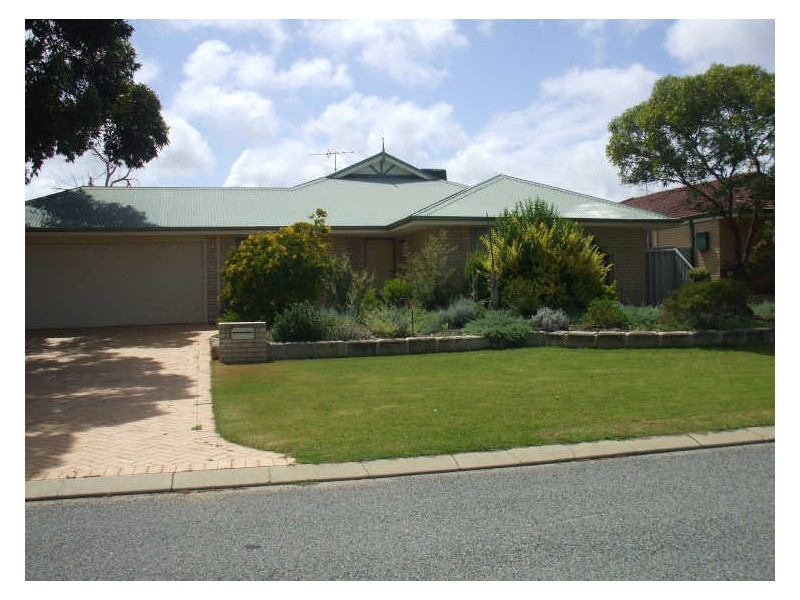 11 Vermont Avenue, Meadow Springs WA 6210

_ _ _ _ _

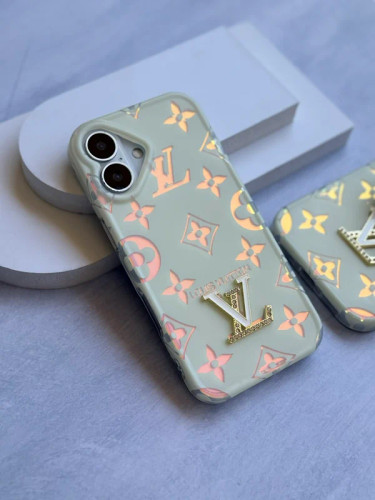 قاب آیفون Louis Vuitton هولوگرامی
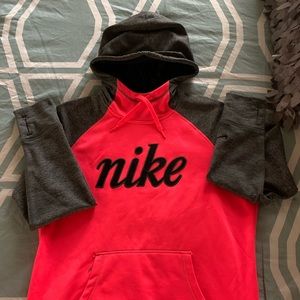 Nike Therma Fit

_ _ _ _ _

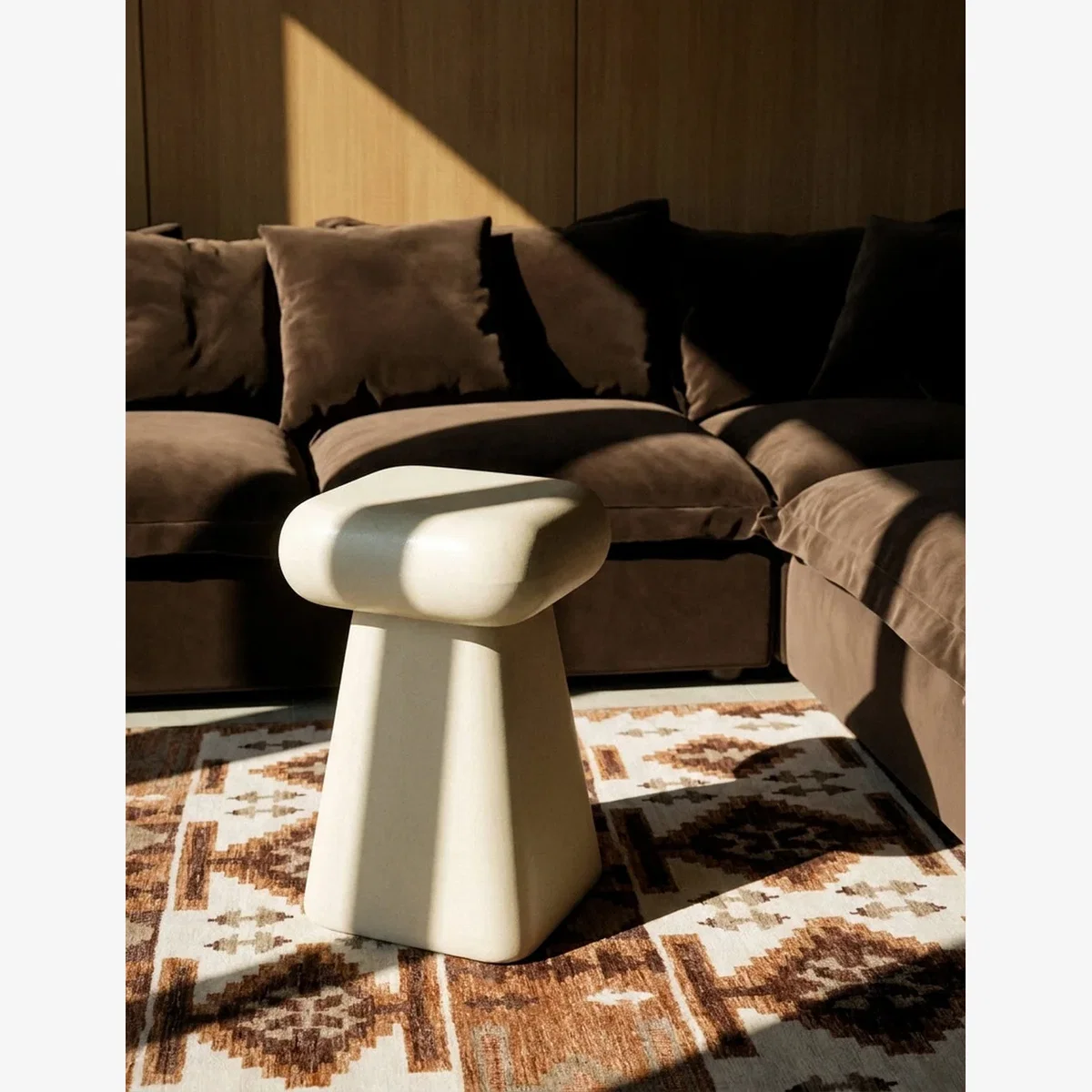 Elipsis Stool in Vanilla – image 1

_ _ _ _ _

From the line containing "قاب آیفون Louis Vuitton هولوگرامی" through the line containing "Nike Therma Fit", copy every line above exactly, without pictures.

[Your solution]
 قاب آیفون Louis Vuitton هولوگرامی
 Nike Therma Fit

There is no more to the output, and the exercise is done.